Va aggiunto che, ad onor del vero, non viene in alcun modo specificato il concetto di “interesse nazionale” , ovvero chi sono gli atleti riconosciuti di interesse nazionale dal CONI e dalle rispettive Federazioni? A primo acchito, sembrerebbero intendersi per tali, coloro i quali partecipano a competizioni Nazionali e pertanto di interesse nazionale anche per la collettività. Ma si tratta di una mera interpretazione . Un chiarimento sul punto sarebbe stato necessario. Credo che in determinate ed eccezionali situazioni, quale quella che stiamo vivendo, sarebbe sempre meglio offrire dei chiarimenti dettagliati.

In caso di sospensione definitiva cosa succede? Chi decide su assegnazioni titoli e retrocessioni?

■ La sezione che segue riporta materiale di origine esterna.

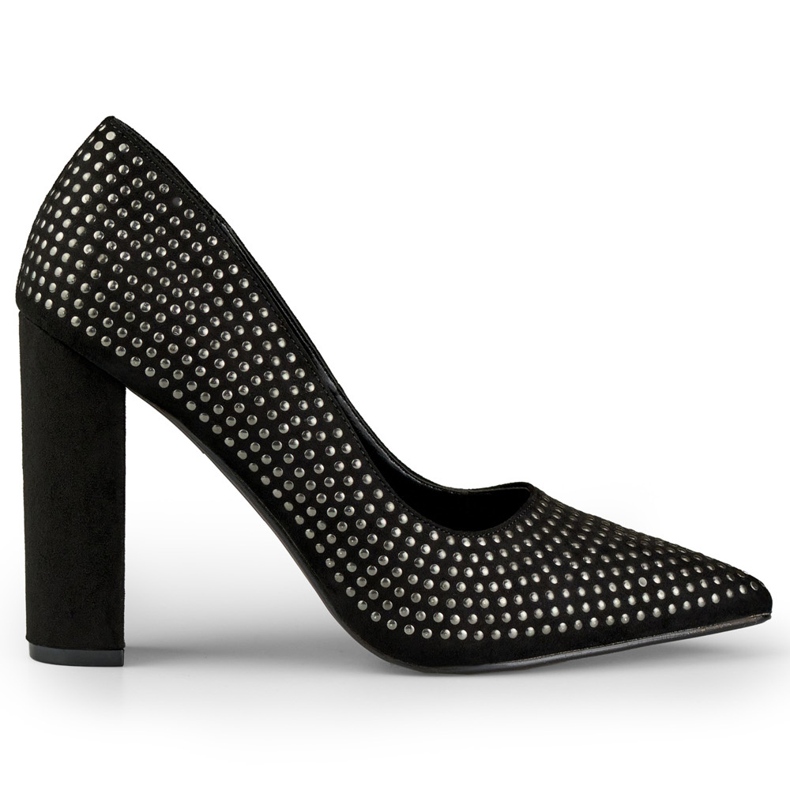 Women's black rock pumps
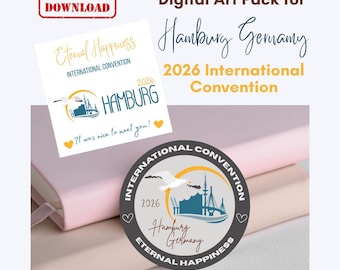 Pakiet artystyczny Hamburg Niemcy 2026 JW Convention – naklejki i pliki PNG (do pobrania cyfrowego)
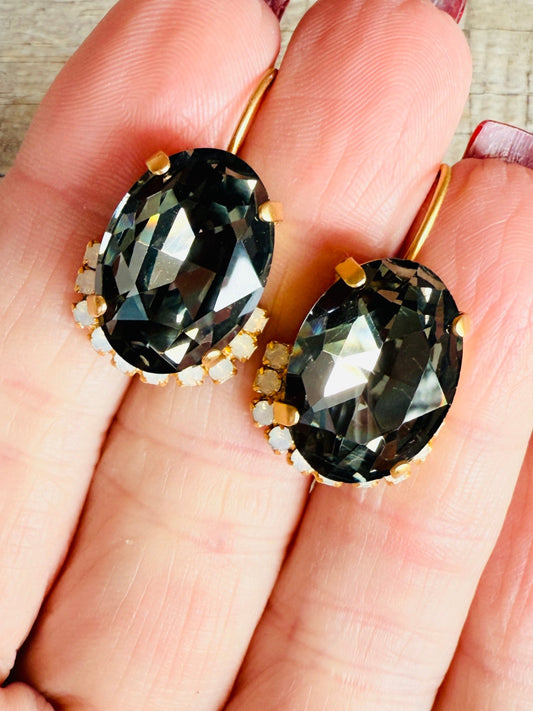 Gray Crystal Earrings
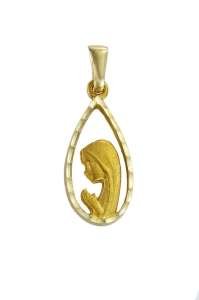 Piękny Złoty Medalik Matka Boska Modląca - Próba 585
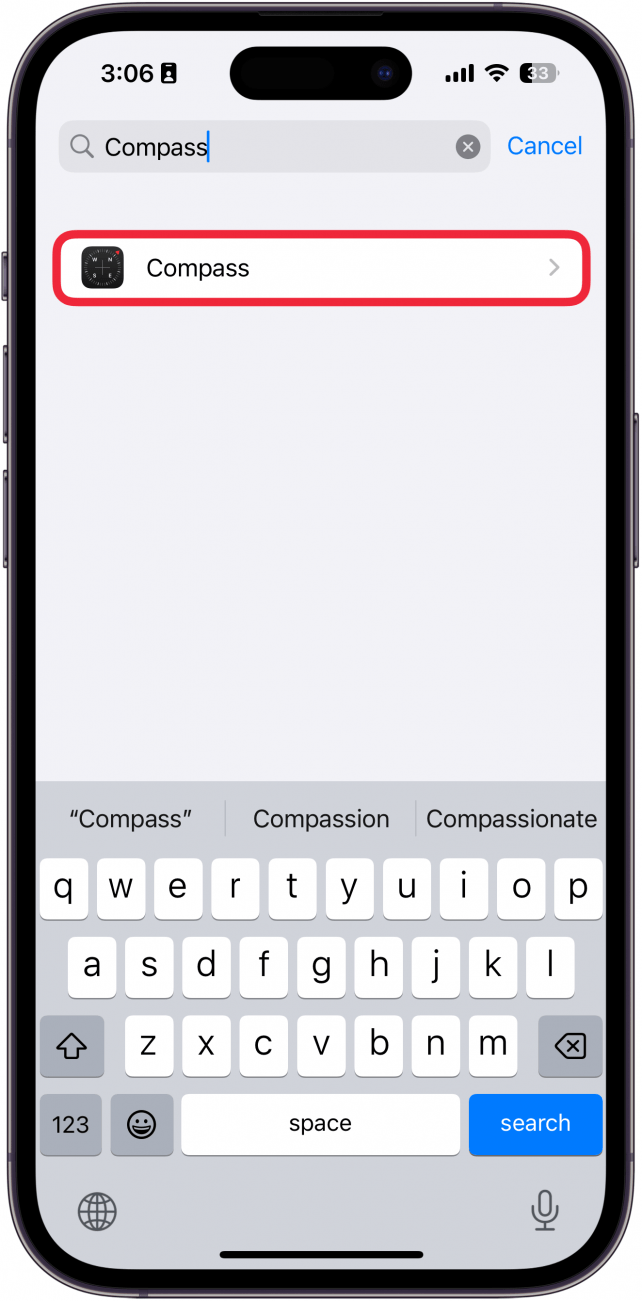 iphone app settings with a red box around compass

Partendo dal presupposto che non esiste una disposizione dell'Ordinamento Sportivo che va a a disciplinare le conseguenze derivanti da una sospensione definitiva dei Campionati, tuttavia in tali circostanze è abbastanza scontato che un ruolo fondamentale spetterebbe alla FIGC. Infatti, alla luce di quanto previsto dall'art. 13 comma 2 dello Statuto della Figc, quest'ultima disciplina l’affiliazione delle società e definisce, d’intesa con le Leghe interessate e sentite le Componenti tecniche, l’ordinamento dei campionati. La FIGC stabilisce i criteri di formulazione delle classifiche e di omologazione dei risultati; decide sull’assegnazione del titolo di campione d’Italia e ratifica le promozioni e le retrocessioni di serie; assicura gli strumenti finanziari ed organizzativi necessari all’espletamento della giustizia sportiva e della funzione arbitrale". E ancora, ai sensi dell'art 27 comma 3 del citato Statuto, "su proposta del Presidente Federale, il Consiglio Federale coordina l'attività agonistica demandata alle Leghe e delibera d'intesa con le Leghe interessate, sentite le componenti tecniche, con la maggioranza di tre quarti dei componenti aventi diritto di voto sull'ordinamento dei campionati e sui loro collegamenti, con particolare riferimento ai meccanismi di promozione e di retrocessione. E ciò varrà in modo uniforme per tutti i campionati organizzati in ambito FIGC.